### INSTRUCTIONS TO FOLLOW
Below are the records; extract from them the line containing "S09:E12 - Unlucky in Love" to the line containing "Makaronai su pomidorų", both lines included, exactly and with no pictures.

### STORED DATA
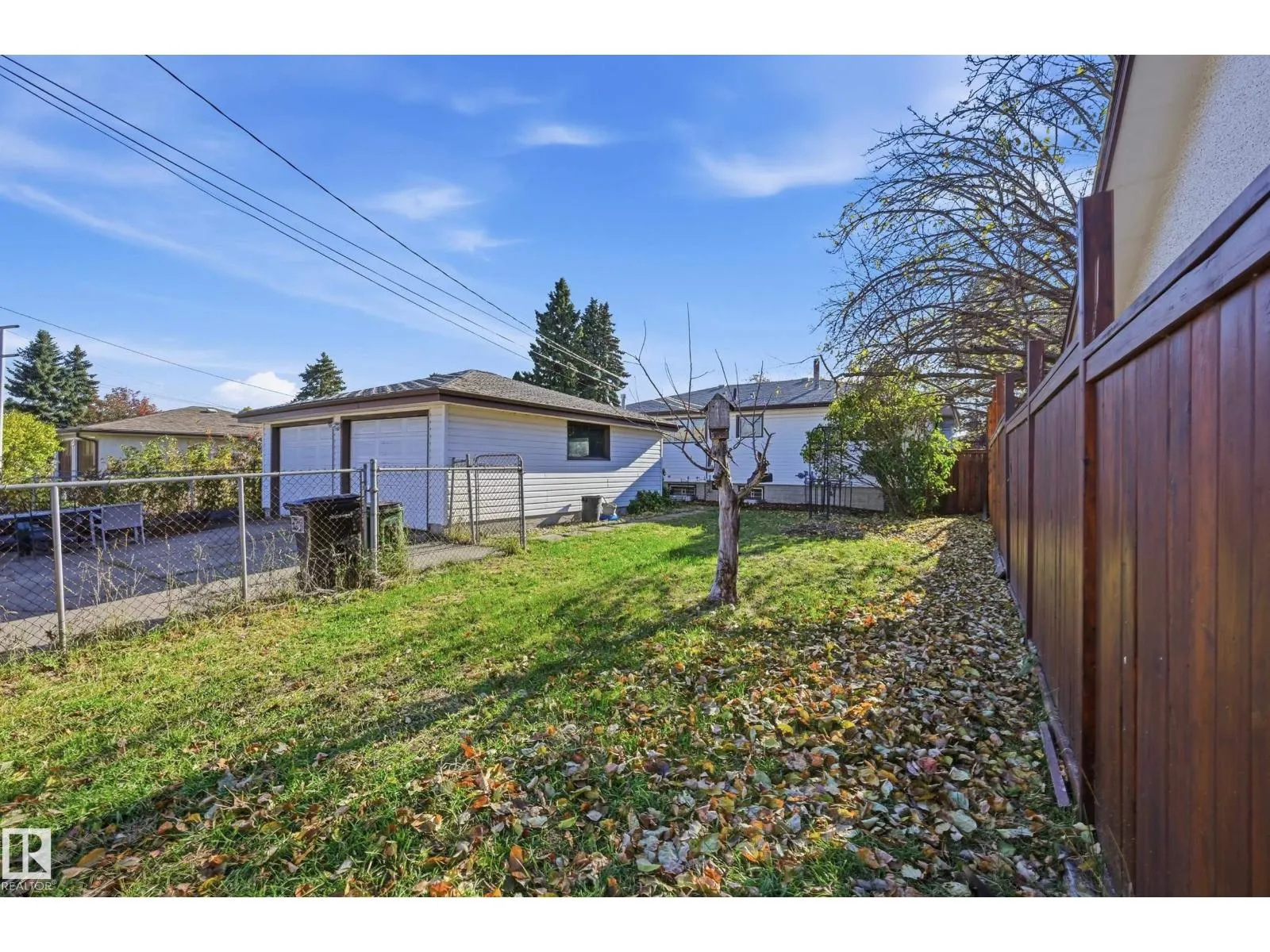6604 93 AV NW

---

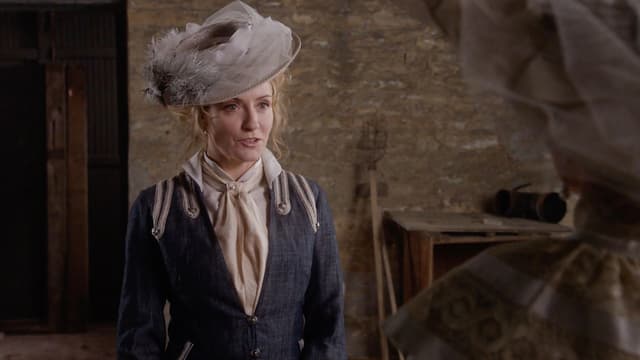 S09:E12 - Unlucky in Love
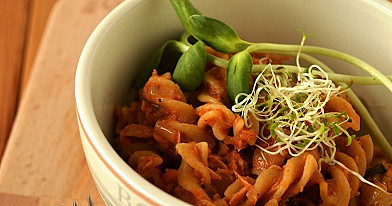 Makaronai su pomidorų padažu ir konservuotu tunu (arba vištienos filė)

### RESPONSE AREA
 S09:E12 - Unlucky in Love
 Makaronai su pomidorų padažu ir konservuotu tunu (arba vištienos filė)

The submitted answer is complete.